The lesser swallow-tailed swift or Cayenne swift (Panyptila cayennensis) is a species of bird in subfamily Apodinae of the swift family Apodidae. It is found from southern Mexico through Central America; in every mainland South America country except Argentina, Chile, Paraguay, and Uruguay; and on Trinidad.

==Taxonomy and systematics==

The lesser swallow-tailed swift was formally described in 1789 by the German naturalist Johann Friedrich Gmelin in his revised and expanded edition of Carl Linnaeus's Systema Naturae. He placed it with all the swallows and swifts in the genus Hirundo and coined the binomial name Hirundo cayennensis. Gmelin based his description on the "Martinet à collier blanc" that had been described in 1779 by the French polymath Georges-Louis Leclerc, Comte de Buffon from a specimen collected in Cayenne, French Guiana. A hand-colored illustration of the bird was also published. The lesser swallow-tailed swift is now placed with the great swallow-tailed swift in the genus Panyptila that was introduced in 1847 by the German ornithologist Jean Cabanis. The genus name combines the Ancient Greek panu meaning "very" or "exceedingly" with ptilon meaning "wing". The specific epithet cayennensis is from Cayenne, the type locality.

According to the International Ornithological Committee (IOC) the species is monotypic: no subspecies are recognized. However, the Clements taxonomy and BirdLife International's Handbook of the Birds of the World assign two subspecies, the nominate P. c. cayennensis and P. c. veraecrucis. This article follows the IOC model.

==Description==

The lesser swallow-tailed swift is a slender species, 12.7–13 cm long, and weighing about 18 g. It has long narrow wings and a long forked tail, which is usually held tightly closed. It is mainly black with a white throat and upper breast and squarish white patches on the rear flanks. The sexes are similar.

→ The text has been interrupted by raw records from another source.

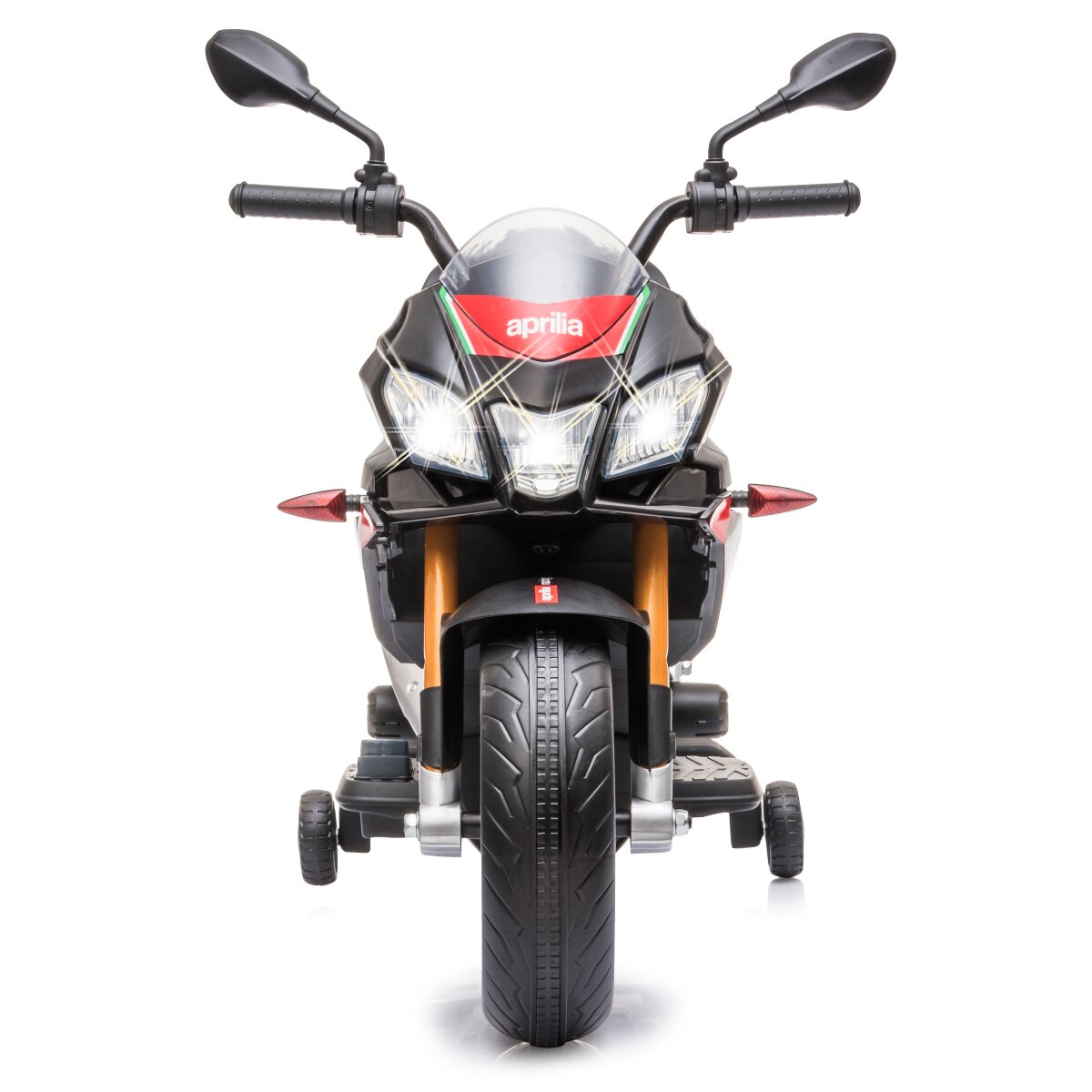 Kindermotorrad Aprilia Tuono V4 1100 RR Italy Design
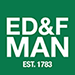 Logo of ED&F Man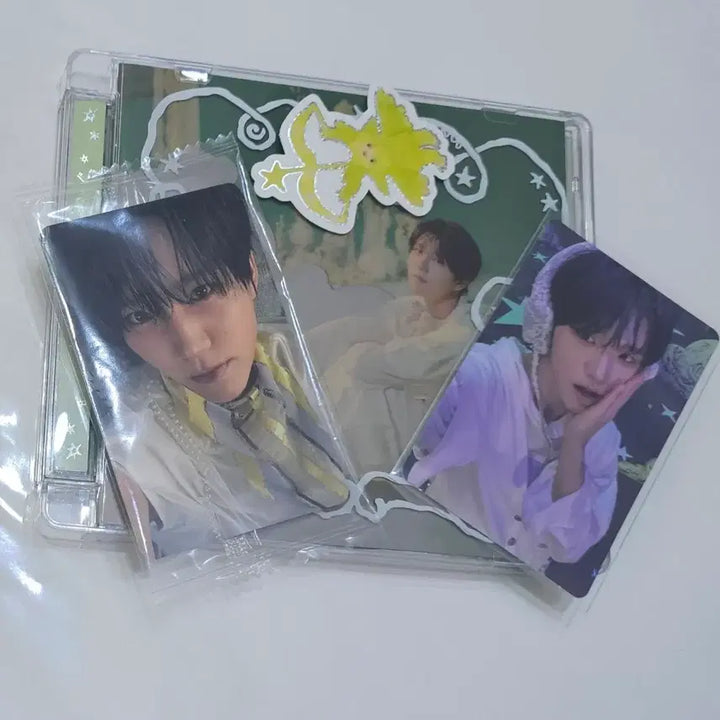 [BUNJANG] NCT WISH Jaehee Jewel Photocard Bundle Set / 엔시티위시 쥬얼 재희 포카 케타포 특전 세트 일괄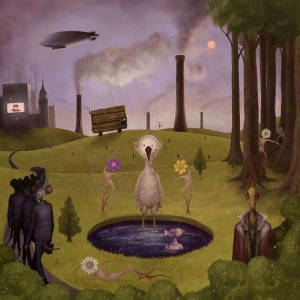 Lowertown - Ugly Duckling Union (Ltd. Emerald G i gruppen VINYL / Kommande / Pop-Rock hos Bengans Skivbutik AB (5659602)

==Distribution and habitat==

The lesser swallow-tailed swift is found from eastern Mexico's Veracruz state south through every country of Central America into Colombia, Venezuela, and Ecuador. It is also found throughout the entire Amazon Basin, in a narrow strip along Brazil's southeastern coast, and on Trinidad. It inhabits the edges and clearing of lowland tropical evergreen forest and secondary forest, cultivated areas, river corridors, and human-populated areas. In elevation it reaches 1500 m in Guatemala and Ecuador though it typically is found lower.

==Behavior==
===Movement and flight===

The lesser swallow-tailed swift is a year-round resident throughout its range.
Its flight is very fast and fluttery and often very high in the air.

===Feeding===

Like all swifts, the lesser swallow-tailed swift is an aerial insectivore. Though its diet has not been detailed, in a study in Venezuela it fed mainly on Diptera with smaller numbers of Homoptera and Hymenoptera and very small numbers from other orders. It is less gregarious than other swifts and is usually seen as individuals or pairs. If other swift species are present it will normally feed above them, although it stays below Cypseloides species such as chestnut-collared swift.

===Breeding===

The lesser swallow-tailed swift's breeding season varies geographically, with nesting generally in the local spring and summer. The nest is tubular, wider at the top, and with the entrance at its base. It is made of plant material felted with saliva and attached to a branch or a vertical surface. In the latter case, the entire length is fixed to the wall or trunk. Nests have been found under bridges, on the walls of occupied buildings and inside abandoned ones, and on large trees. Two or three white eggs are laid on a shelf in the upper part of the nest and incubated by both parents.

===Vocalization===

The lesser swallow-tailed swift's usual calls are "a reedy or wheezy phrase of fast twittering notes...'pzeee-pzi-titititititi-ti-ti-pzeee!'" and "a repeated drawn-out single 'pzeeeh'". It often flies so high that the calls cannot be heard.

==Status==

The IUCN has assessed the lesser swallow-tailed swift as being of Least Concern. It has an extremely large range and an estimated population of at least 500,000 mature individuals. The population is believed to be slowly decreasing and no immediate threats have been identified. In various parts of its range it is considered uncommon to locally fairly common, and is "[u]sually encountered in small numbers only".